The Blame Game - Part Deux

The issue of "Able Danger" identifying an al Qaida cell before 9/11 resurfaced again today. Lt. Col. Anthony Shaffer came forward, claiming he alerted the FBI in September 2000. (CNN: Able Danger man identifies himself).

The Able Danger situation is a classic case of 20:20 hindsight in action. The 9/11 Commission summed it up rather nicely: "Weighing this with the information about Atta's actual activities, the negligible information available about Atta to other U.S. government agencies and the German government before 9/11, and the interviewer's assessment of the interviewee's knowledge and credibility, the Commission staff concluded that the officer's account was not sufficiently reliable to warrant revision of the report or further investigation."

There have been other recent attempts to link information about bin Laden's whereabouts in 1996 to lapses in the Clinton Administration. Now, I'm certainly no Clinton apologist - far from it, in fact - but attempting to place the blame for 9/11 on any administration is ludicrous. There simply was no way to predict that event, regardless of how much information we attempt to piece together in hindsight.

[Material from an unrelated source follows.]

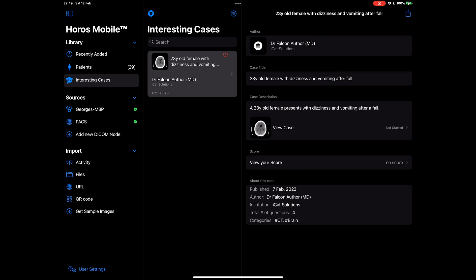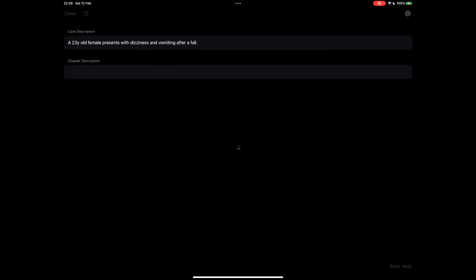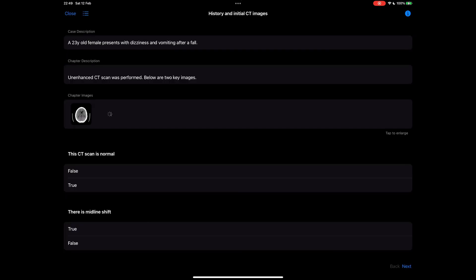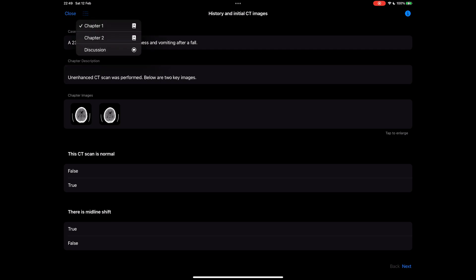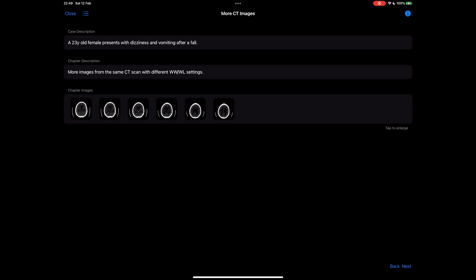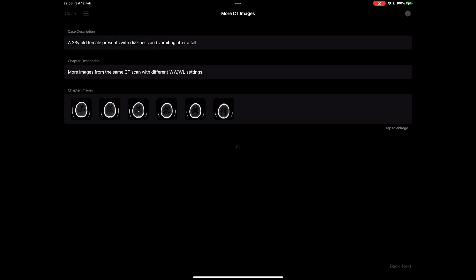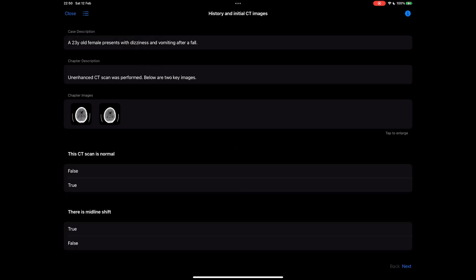I can view the case's contents by tapping on the contents button. I can navigate to any chapter from here or by tapping the next or back buttons. Once I complete the case I can close this view and move to another case.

The blame for the growth of Islamic extremism and our inability to counter that growth can be shared by every administration for the last 35 years. Overt US action in response to terror related events from the taking of US hostages in Iran all the way through the days immediately preceding 9/11 was virtually non-existent. What covert activity may have been taking place, of course, is unknown.

Continuing to play the blame game serves no useful purpose other than to further divide us as a nation. Let's stop looking to the past to assign blame and start looking to the future to assign responsibility. Anything else is counterproductive.